## Image-text web data

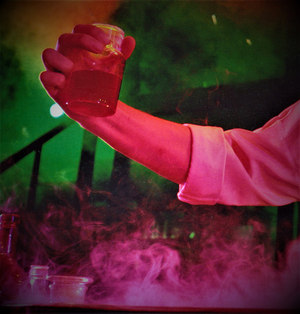 Free Range Humans' Immersive JEKYLL & HYDE Musical Puts Audiences On Their Feet Image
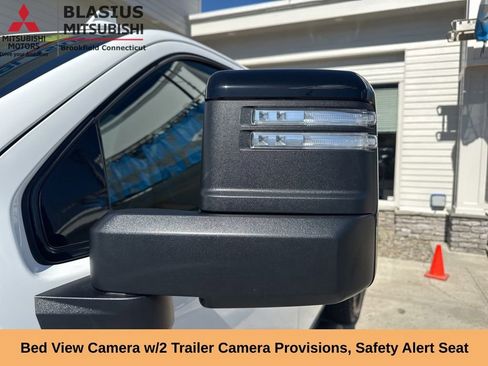 Used 2025 GMC Sierra 2500 AT4 AWD/4WD image 30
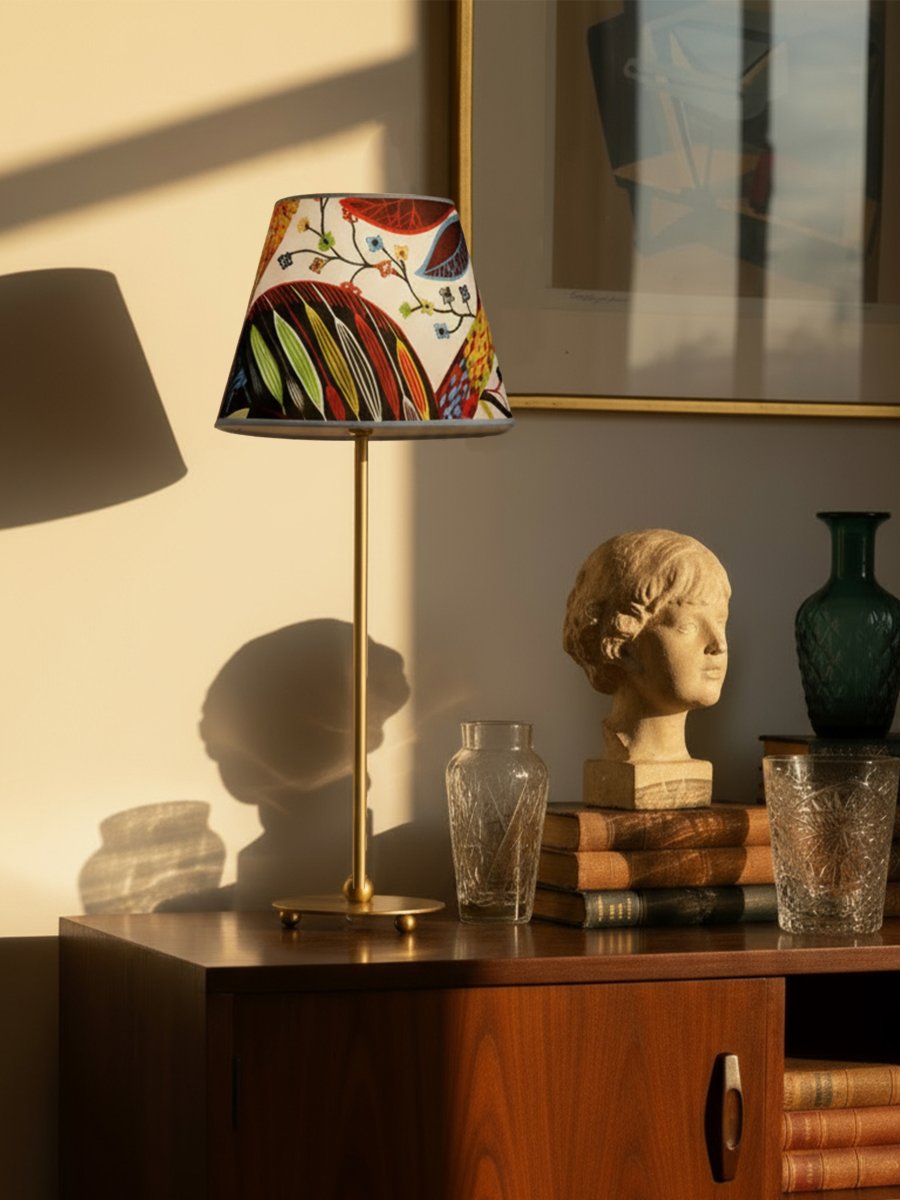 Julie 52cm Mässing/flerfärgad bordslampa från PR Home - Den har en vacker lampfot i m&auml;ssingfinish kombinerad med en dekorativ, oval lampsk&auml;rm i klassisk form, vilket ger ett tidl&ouml;st och harmoniskt uttryck.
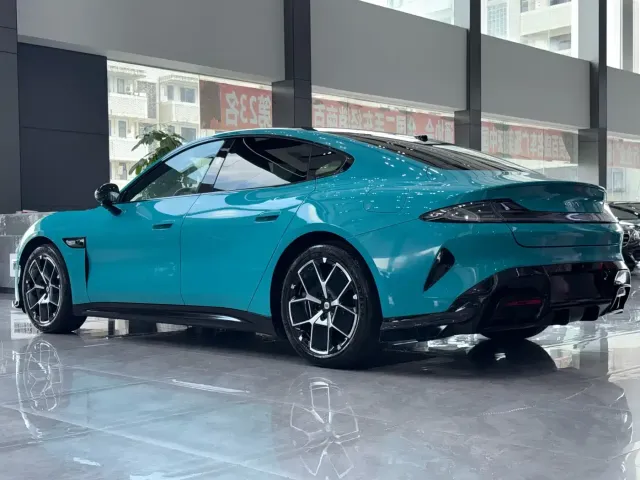 Xiaomi SU7 — Фото автомобиля 8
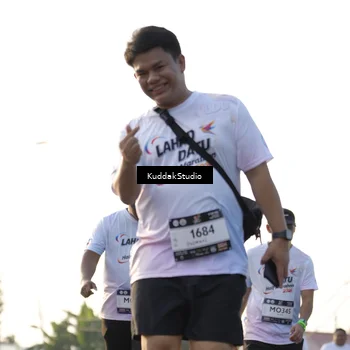 Runner Photo 7683643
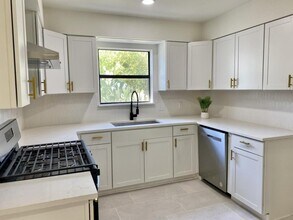 4218 Modena Dr in San Antonio, TX - Building Photo - Building Photo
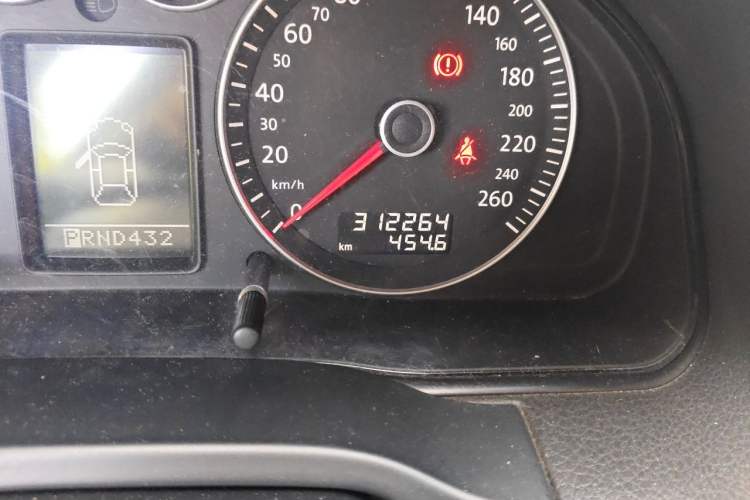 Used Volkswagen Passat 2011 1.8T Automatic Luxury Model Odometer Close Up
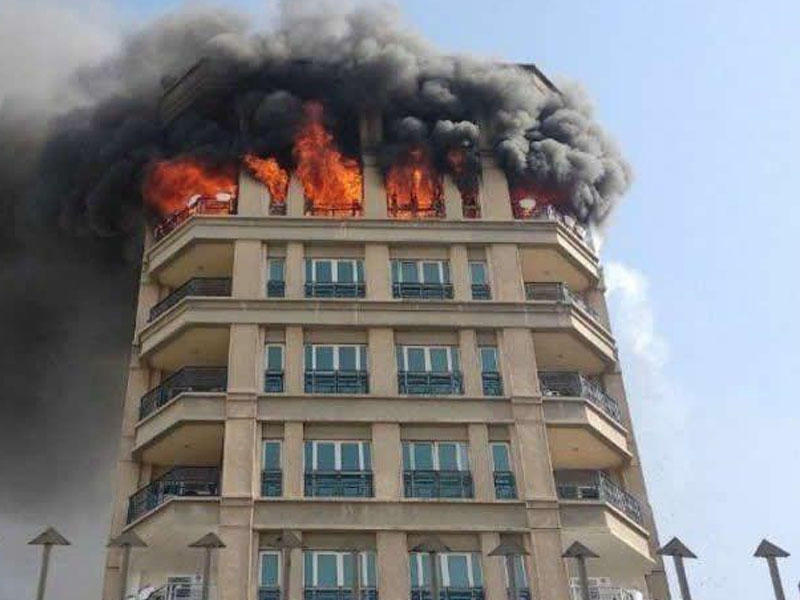 Tehranda neft şirkətinin binasında yanğın olub, 12 nəfər yaralanıb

## Your instructions
When you write out the data, keep every line exact and drop the pictures.

## Answer box
 Free Range Humans' Immersive JEKYLL & HYDE Musical Puts Audiences On Their Feet Image
 Used 2025 GMC Sierra 2500 AT4 AWD/4WD image 30
 Julie 52cm Mässing/flerfärgad bordslampa från PR Home - Den har en vacker lampfot i m&auml;ssingfinish kombinerad med en dekorativ, oval lampsk&auml;rm i klassisk form, vilket ger ett tidl&ouml;st och harmoniskt uttryck.
 Xiaomi SU7 — Фото автомобиля 8
 Runner Photo 7683643
 4218 Modena Dr in San Antonio, TX - Building Photo - Building Photo
 Used Volkswagen Passat 2011 1.8T Automatic Luxury Model Odometer Close Up
 Tehranda neft şirkətinin binasında yanğın olub, 12 nəfər yaralanıb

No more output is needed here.